Definition of shareholder
A shareholder is the holder of one or more shares of a company. These shares give him the right to attend general meetings of the company, to participate in the strategic decisions of the company (if a voting right is associated with the share ) and to receive the payment of dividends (if the company in pour). The shareholder can be a natural person (an individual) or a legal person (a company).
How to become a shareholder
To become a shareholder, you have to buy shares in the company for cash. If the company is listed on the stock exchange, the transaction is made through an organized market . In this case, it is necessary to find a counterparty (a seller) who no longer wishes to be a shareholder of the company. You just need to place a stock market order through a broker and place a buy order to become a shareholder.
If the share is not listed, becoming a shareholder is more complicated. The shareholders must agree to open the capital of the company to other shareholders or that one of the shareholders sell his shares.
The rights of a majority and minority shareholder
A majority shareholder is a person holding at least 50% of the voting rights of a company.

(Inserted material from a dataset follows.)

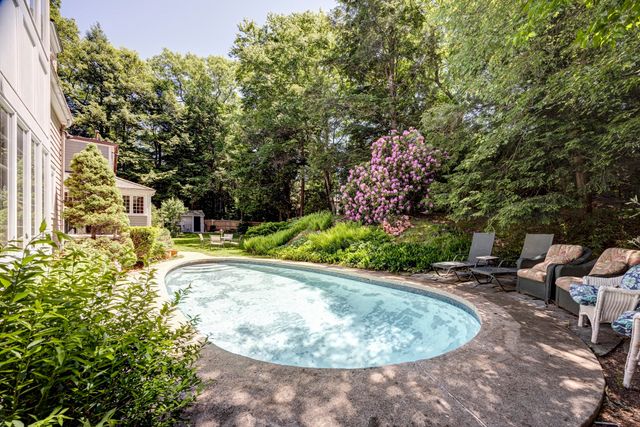 284 Woodland Road, Brookline, MA 02467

He has the decision-making power within the company even if all the remaining shareholders do not agree with him. Please note, a shareholder can own more than 50% of the shares but have a lower voting right (some shares do not give access to voting rights). It is then not a majority shareholder. Note that it is rare to see a majority shareholder for a company listed on the stock exchange.

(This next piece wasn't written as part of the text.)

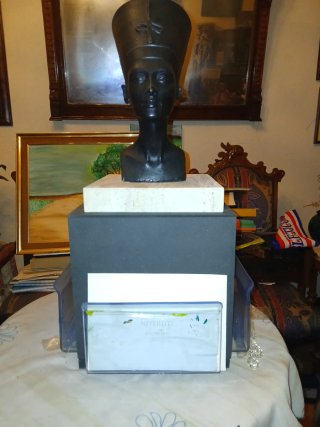 Busto de Nefertiti con Soporte y Placa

All other shareholders are minority shareholders. This is the case for example of an individual holding only a few shares but also of an investment fund holding several% in the capital of the company. Alone, their power to influence company decisions is limited in the face of a minority shareholder who owns several tens of% of the capital.

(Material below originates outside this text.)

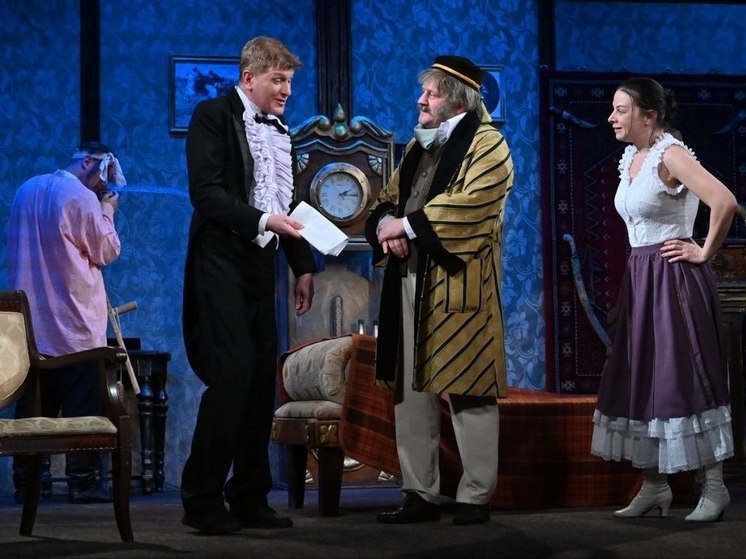 Заслуженный артист Крыма выступил на сцене Донецкой муздрамы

However, minority shareholders can associate with each other. If they manage to combine 10% of the capital and voting rights, they can request the appointment of an expert to analyze management decisions. If the minority shareholders manage to come together to form a block representing at least 1/3 of the capital and the voting rights, then they can form a blocking minority, then it can block the decisions taken during an extraordinary general meeting ( changes to the articles of association, the share capital, etc.) but not the current decisions taken during an ordinary general meeting.
The different types of shareholders
There are 3 main types of shareholders:
– individuals: These are shareholders whose sole objective is to increase the share price. They can be individuals but also employees of the company who receive shares as additional remuneration. Their investment horizon can range from short term (trading) to very long term (investment).
– Institutionals: These can be hedge funds, pension funds or even companies. The objective of these shareholders is often speculative but they also wish to influence, if possible, the strategic decisions of the company by buying a large number of shares.
– The State: It is a very particular shareholder. Its objective is twofold. He wishes both to derive financial benefits from his investments but also to defend public interests in strategic sectors for the country.